■ **WORK INSTRUCTION**: Repeat, exactly as written, all of the entries, but not their pictures.

(Captioned web image data)
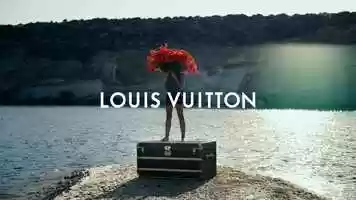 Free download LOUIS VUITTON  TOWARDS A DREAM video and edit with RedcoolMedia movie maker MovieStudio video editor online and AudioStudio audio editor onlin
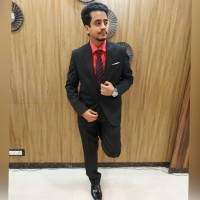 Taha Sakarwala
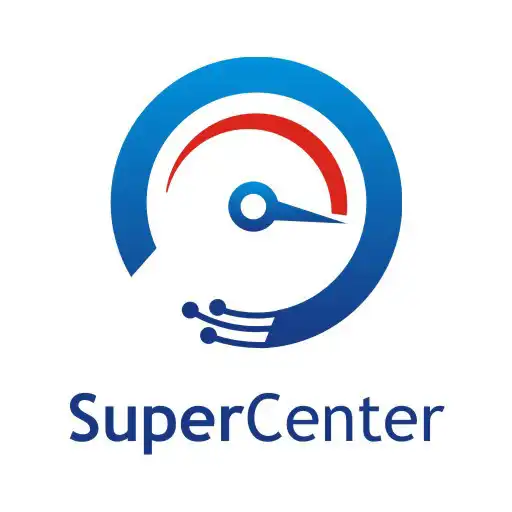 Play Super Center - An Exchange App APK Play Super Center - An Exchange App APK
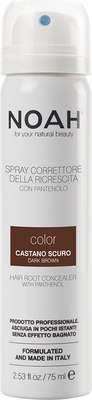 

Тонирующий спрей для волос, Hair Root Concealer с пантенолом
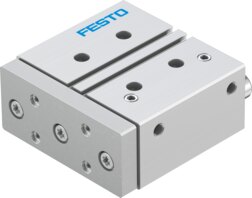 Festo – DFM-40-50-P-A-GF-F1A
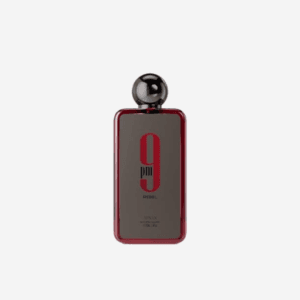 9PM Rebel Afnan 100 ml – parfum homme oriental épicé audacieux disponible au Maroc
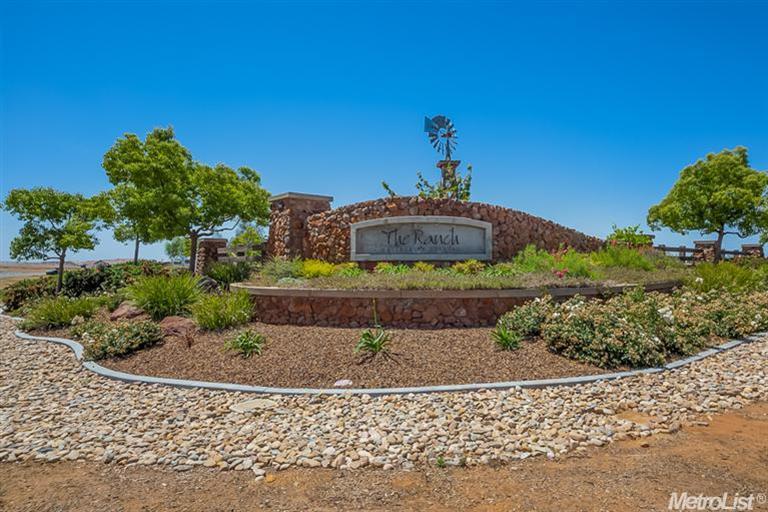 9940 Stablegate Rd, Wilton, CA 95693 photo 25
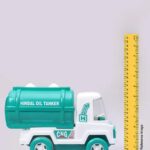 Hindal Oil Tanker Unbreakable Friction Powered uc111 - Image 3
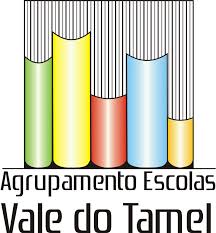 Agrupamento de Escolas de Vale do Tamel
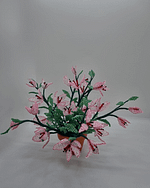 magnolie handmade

■ **TASK ANSWER**:
 Free download LOUIS VUITTON  TOWARDS A DREAM video and edit with RedcoolMedia movie maker MovieStudio video editor online and AudioStudio audio editor onlin
 Taha Sakarwala
 Play Super Center - An Exchange App APK Play Super Center - An Exchange App APK

Тонирующий спрей для волос, Hair Root Concealer с пантенолом
 Festo – DFM-40-50-P-A-GF-F1A
 9PM Rebel Afnan 100 ml – parfum homme oriental épicé audacieux disponible au Maroc
 9940 Stablegate Rd, Wilton, CA 95693 photo 25
 Hindal Oil Tanker Unbreakable Friction Powered uc111 - Image 3
 Agrupamento de Escolas de Vale do Tamel
 magnolie handmade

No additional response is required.